SUPPLIED INFORMATION:
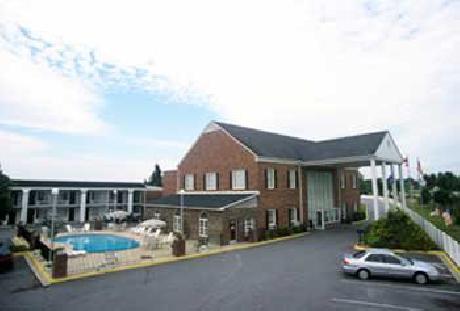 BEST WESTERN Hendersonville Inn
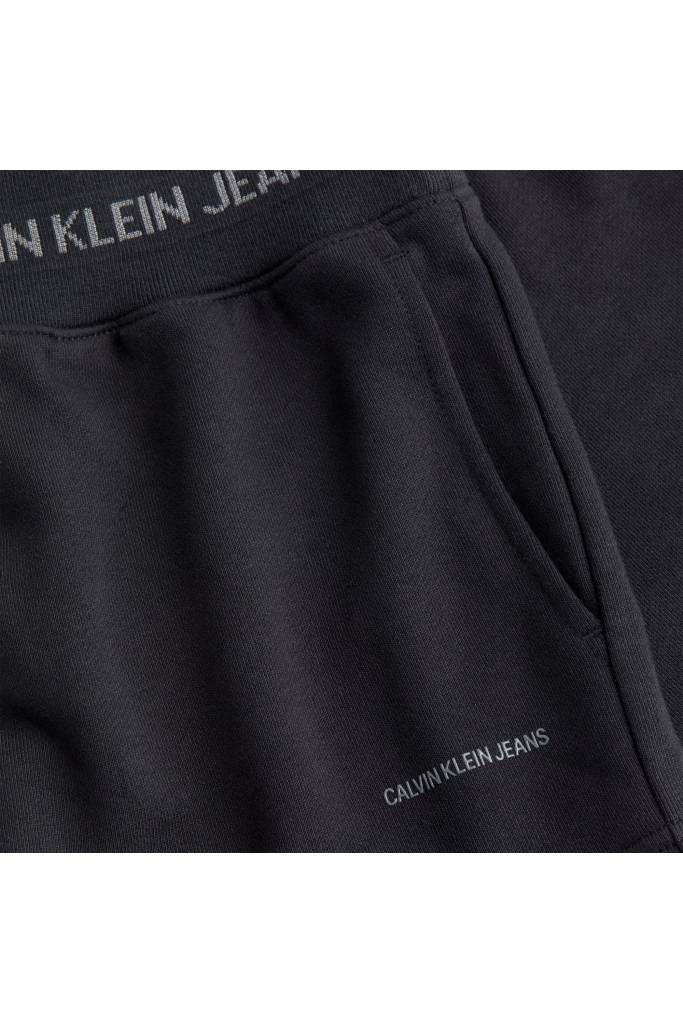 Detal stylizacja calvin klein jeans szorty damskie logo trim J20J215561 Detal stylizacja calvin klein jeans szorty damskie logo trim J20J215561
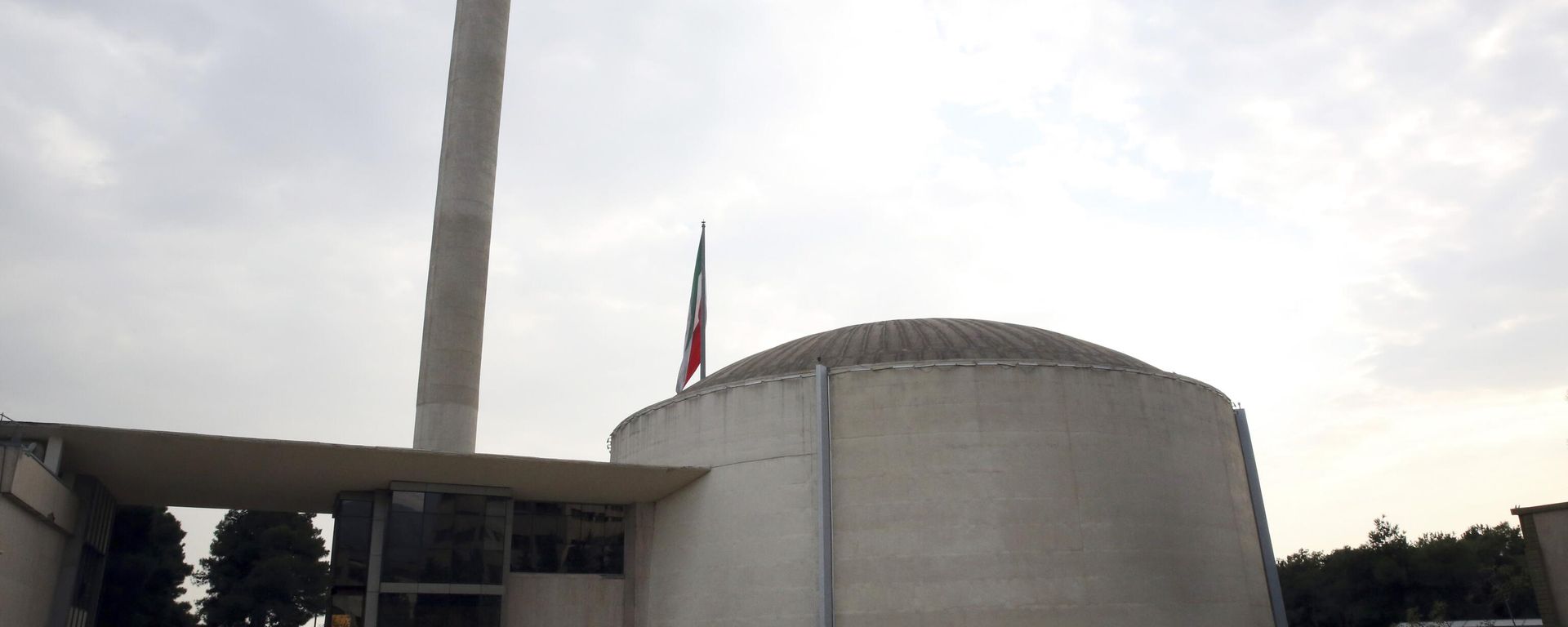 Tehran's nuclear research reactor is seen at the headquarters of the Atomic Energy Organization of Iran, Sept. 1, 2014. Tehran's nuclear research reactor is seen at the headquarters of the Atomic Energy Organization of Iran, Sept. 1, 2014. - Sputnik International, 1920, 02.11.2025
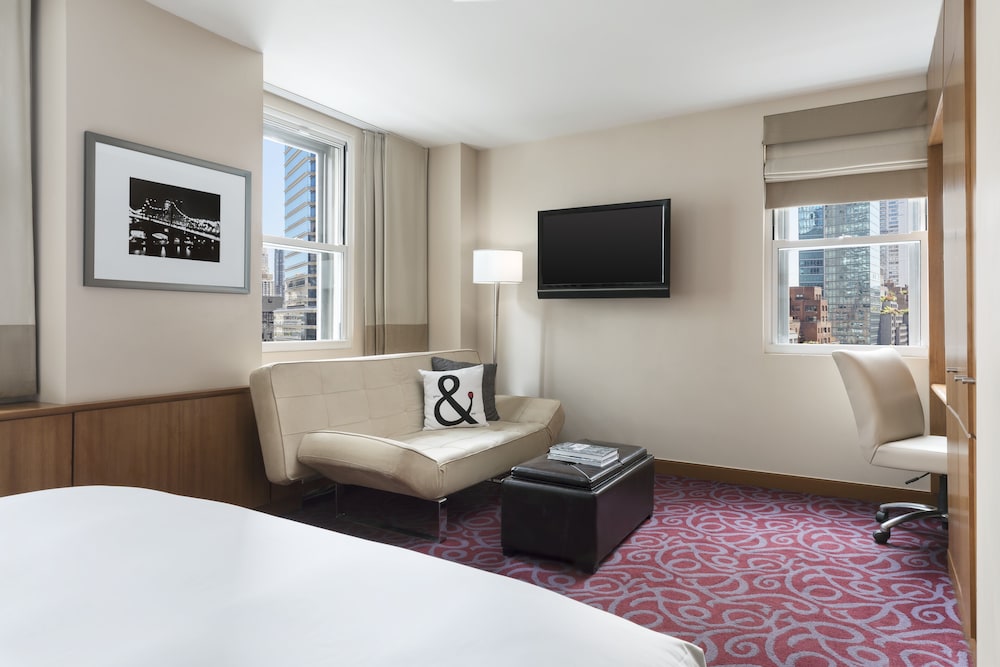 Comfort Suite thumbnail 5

TASK: Output each line above exactly. Skip the images.

REPLY:
 BEST WESTERN Hendersonville Inn
 Detal stylizacja calvin klein jeans szorty damskie logo trim J20J215561 Detal stylizacja calvin klein jeans szorty damskie logo trim J20J215561
 Tehran's nuclear research reactor is seen at the headquarters of the Atomic Energy Organization of Iran, Sept. 1, 2014. Tehran's nuclear research reactor is seen at the headquarters of the Atomic Energy Organization of Iran, Sept. 1, 2014. - Sputnik International, 1920, 02.11.2025
 Comfort Suite thumbnail 5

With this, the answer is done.